The resultant images are based upon intentional manipulation and exaggeration of the data available in a model designed to make the resultant image be as pleasing to the user as possible. They are to some extent lies / guesswork.
Its fast food art.
Sprinkle the image with sugar and fat
They don’t have the dynamic range of colors to capture all the colors our eyes can see, but they can pick up other types of light that we can’t.
This fact was pointed out in a lot of reviews of the Vision Pro. It’s just about good enough to make you forget you’re in augmented reality but the world looks more dull and lifeless because your eyes see more vibrant colors than small digital sensors.

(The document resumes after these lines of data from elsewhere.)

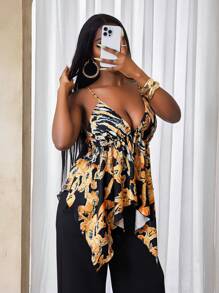 BamGleam Camiseta sin tirantes con corte asimétrico con estampado total para mujer para el verano - Multicolor - Ver 6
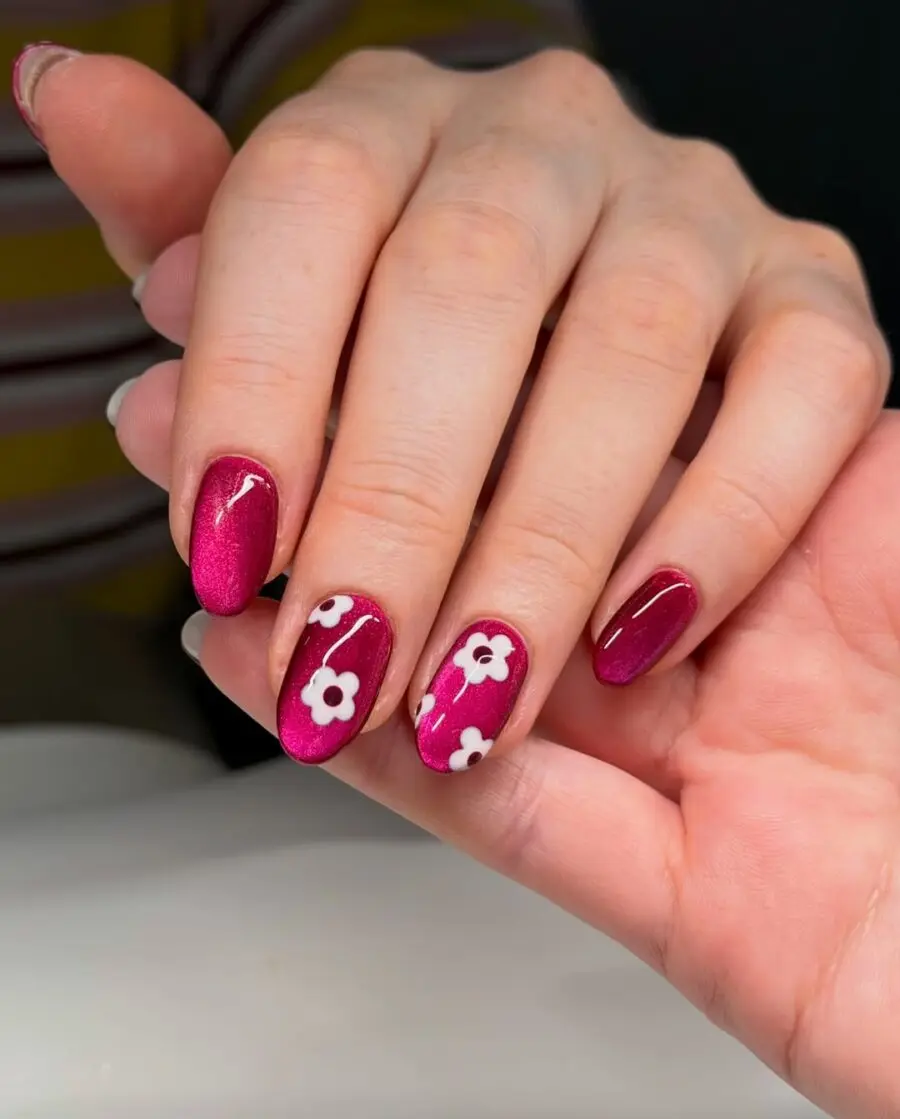 Chic pink flower nail art for vibrant vibes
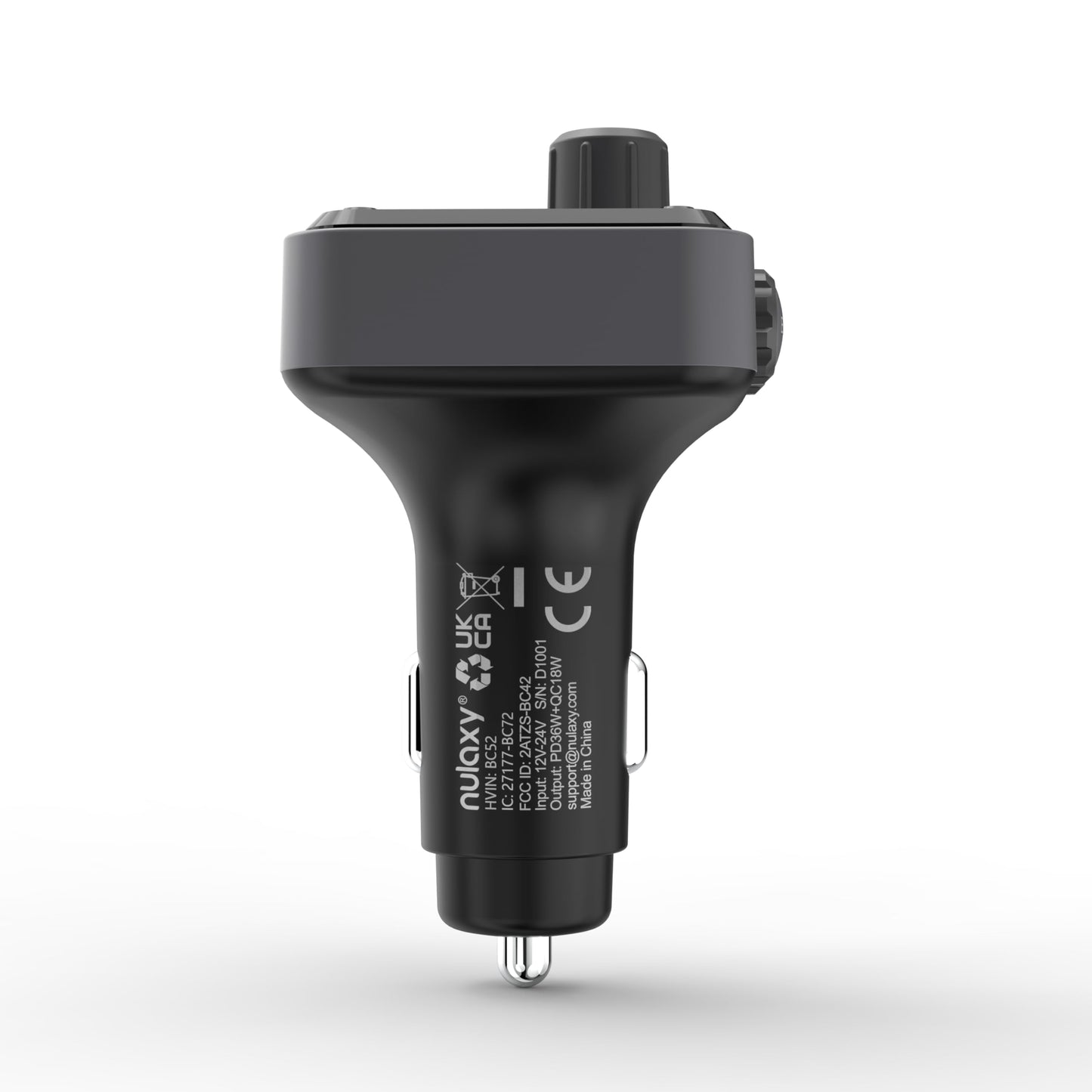 Nulaxy 54W Bluetooth 5.3 Car Adapter Charger 4-Port Fast Charging [PD36W & QC3.0 18W], Wireless Radio FM Transmitter with Deep Bass Player, 5 Colors LED Backlit, Hands-Free Calling, Support USB Drive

I don't think this is true. The less than real feeling from the AVP is more likely from the display than the camera. The human eye is capable of a wider color gamut and (probably more importantly) a much wider dynamic range of intensity than the AVP display is capable of producing.
Yes. The cameras on the VP are optimized for weight and size and don't have as good color sensitivity as larger lenses. The microOLED screens on the VP also do not have the range than a normal OLED would. It's a limitation of the current tech.
> They don’t have the dynamic range of colors to capture all the colors our eyes can see
Are you sure about that?
My understanding is that digital cameras can capture an extremely wide color gamut -- the vibrant colors -- but that the extra information is necessarily thrown away when encoded in sRGB or P3 in your image/video file.
Because we don't have many displays which are capable of showing those ultra-saturated colors, so we don't waste bits on storing them in files either. P3 is an obvious improvement over sRGB that Apple products mostly use now.
If you process RAW files directly from the sensor, I'm pretty sure you get a much wider gamut.
What I'm not entirely sure about is how that gamut maps to the colors our eyes can see -- it's not going to be exactly the same coverage. So I'm not sure where it goes beyond human eye sensitivity, or where it doesn't quite reach it, and to what extent this depends on the sensor technology (e.g. what's in your phone vs. an expensive DSLR vs. a professional cinema camera). Ultimately it's going to come down to the exact precise shape of the frequency curve in each of the R, G and B filters in the color filter array, and how they can be mathematically translated to reflect the human eye's [1, 2].
(And so color vibrancy limitations with the Vision Pro are absolutely going to be coming from the displays before they come from the cameras.)
Edit 2: Tested on iPhone 15 Pro selfie camera. It detects IR at the same intensity.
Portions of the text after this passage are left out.